***** DATASET CONTENT *****

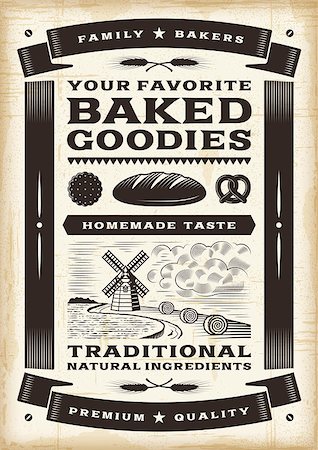 Vintage bakery poster in woodcut style. Editable EPS10 vector illustration. Stock Photo - Budget Royalty-Free & Subscription, Code: 400-08336629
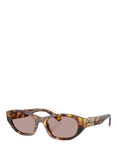 Miu Miu MUA03S Women's Oval Sunglasses, Honey Havana/Light Purple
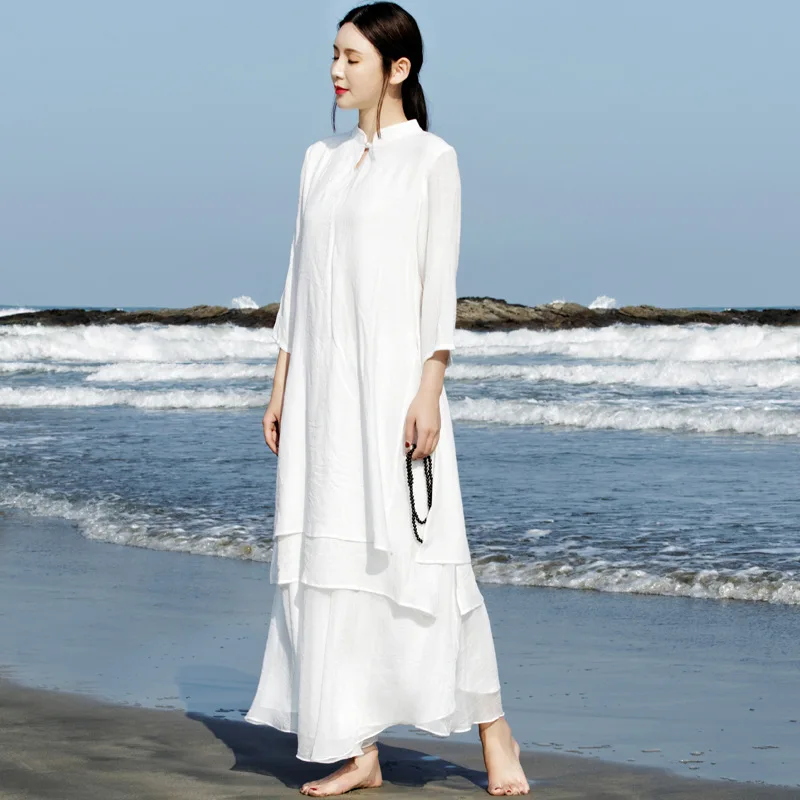 White Zen suit, retro Tang suit, cotton and linen tea suit, Zen suit, Chinese style Zen women's two-piece suit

*****

**EXERCISE DESCRIPTION**
Output the listing above in full and exactly, with pictures excluded.

**RESPONSE AREA**
 Vintage bakery poster in woodcut style. Editable EPS10 vector illustration. Stock Photo - Budget Royalty-Free & Subscription, Code: 400-08336629
 Miu Miu MUA03S Women's Oval Sunglasses, Honey Havana/Light Purple
 White Zen suit, retro Tang suit, cotton and linen tea suit, Zen suit, Chinese style Zen women's two-piece suit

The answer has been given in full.